[Information supplied]
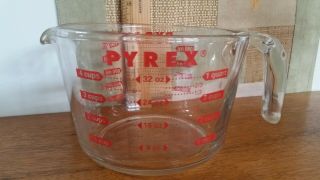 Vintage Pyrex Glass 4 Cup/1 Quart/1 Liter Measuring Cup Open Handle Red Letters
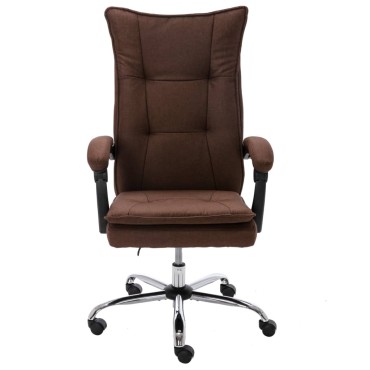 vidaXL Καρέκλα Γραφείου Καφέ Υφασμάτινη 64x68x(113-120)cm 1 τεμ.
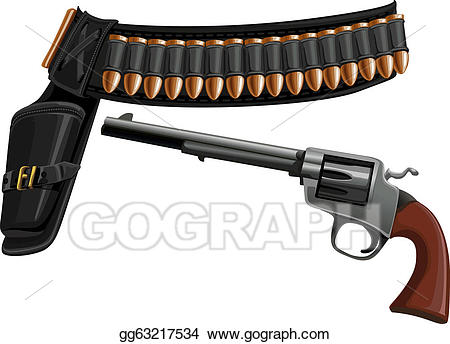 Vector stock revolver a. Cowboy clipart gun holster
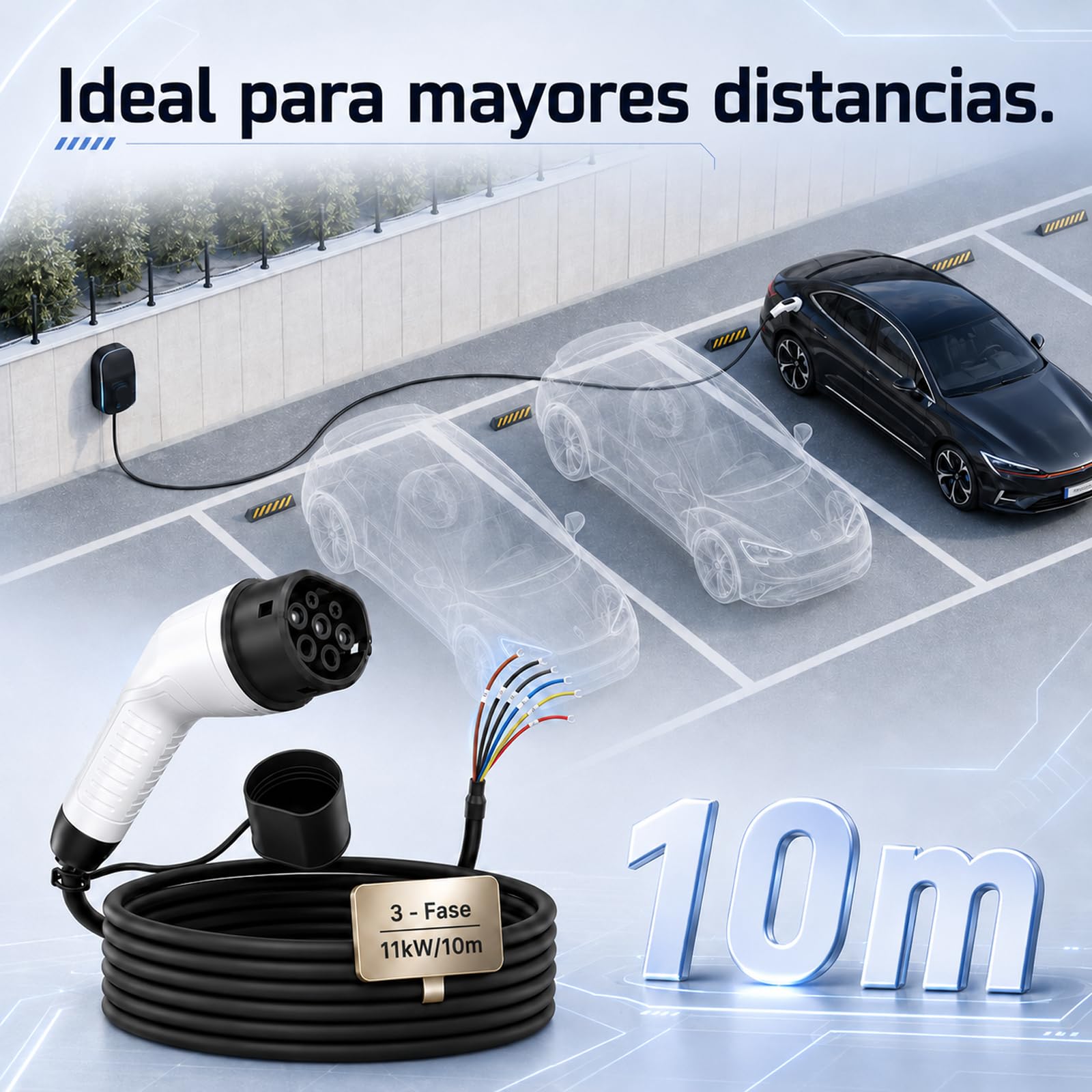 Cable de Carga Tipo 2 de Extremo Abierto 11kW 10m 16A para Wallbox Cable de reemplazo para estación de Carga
==
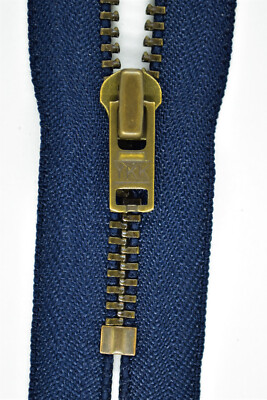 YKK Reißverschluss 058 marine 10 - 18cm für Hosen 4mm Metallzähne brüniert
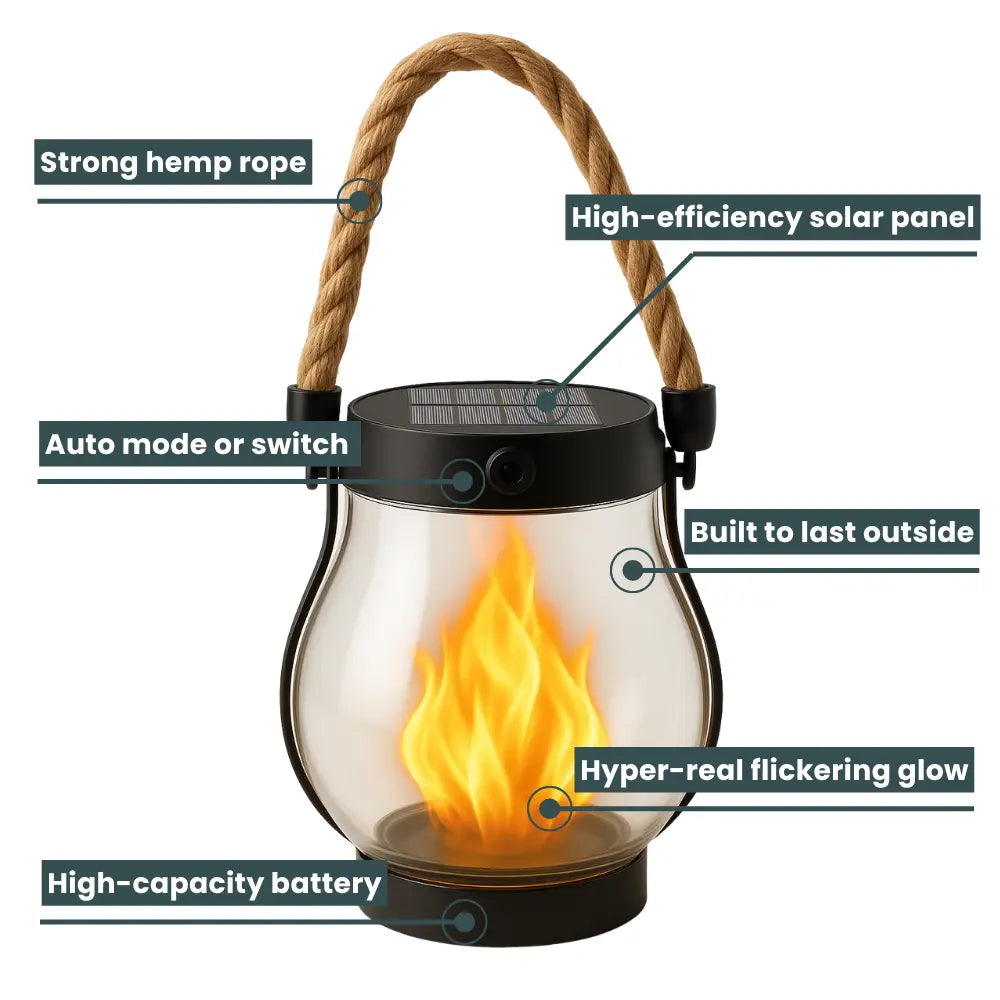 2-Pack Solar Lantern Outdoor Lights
---
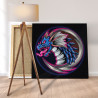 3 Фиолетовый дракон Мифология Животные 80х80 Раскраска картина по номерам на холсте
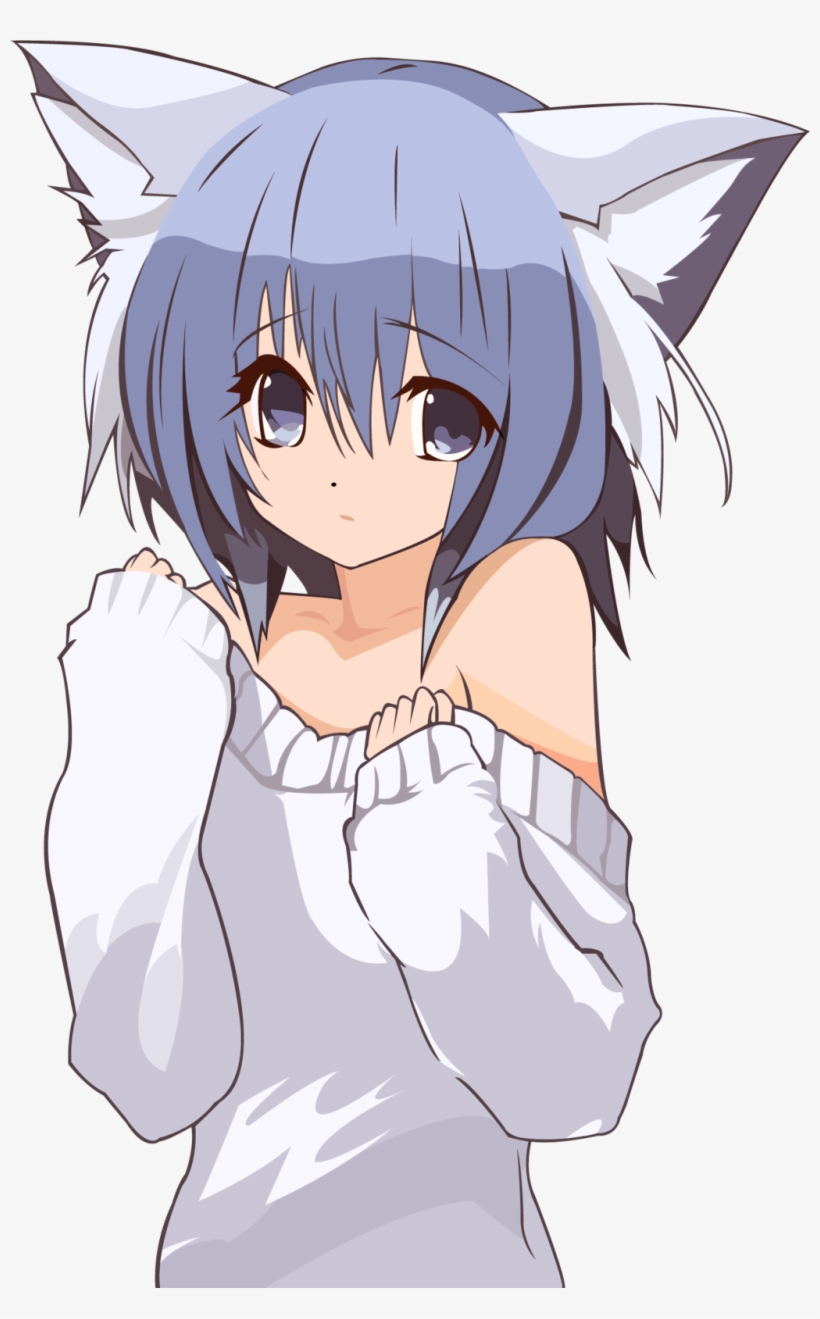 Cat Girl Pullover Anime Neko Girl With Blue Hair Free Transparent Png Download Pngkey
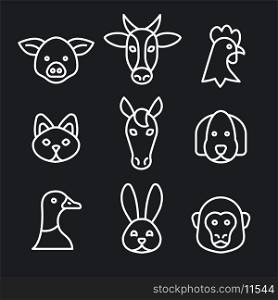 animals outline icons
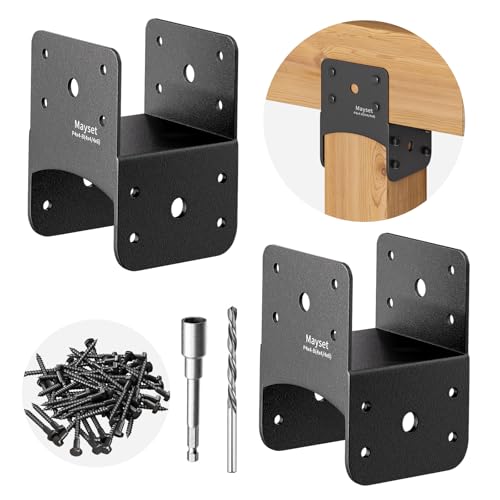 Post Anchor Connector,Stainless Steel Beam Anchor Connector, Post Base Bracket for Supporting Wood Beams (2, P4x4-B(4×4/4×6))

[Description of the task] Would you transcribe the lines above exactly, going from the line bearing "animals outline icons" through the line bearing "Post Anchor Connector,Stainless", and drop the pictures from the copy?

[Result]
 animals outline icons
 Post Anchor Connector,Stainless Steel Beam Anchor Connector, Post Base Bracket for Supporting Wood Beams (2, P4x4-B(4×4/4×6))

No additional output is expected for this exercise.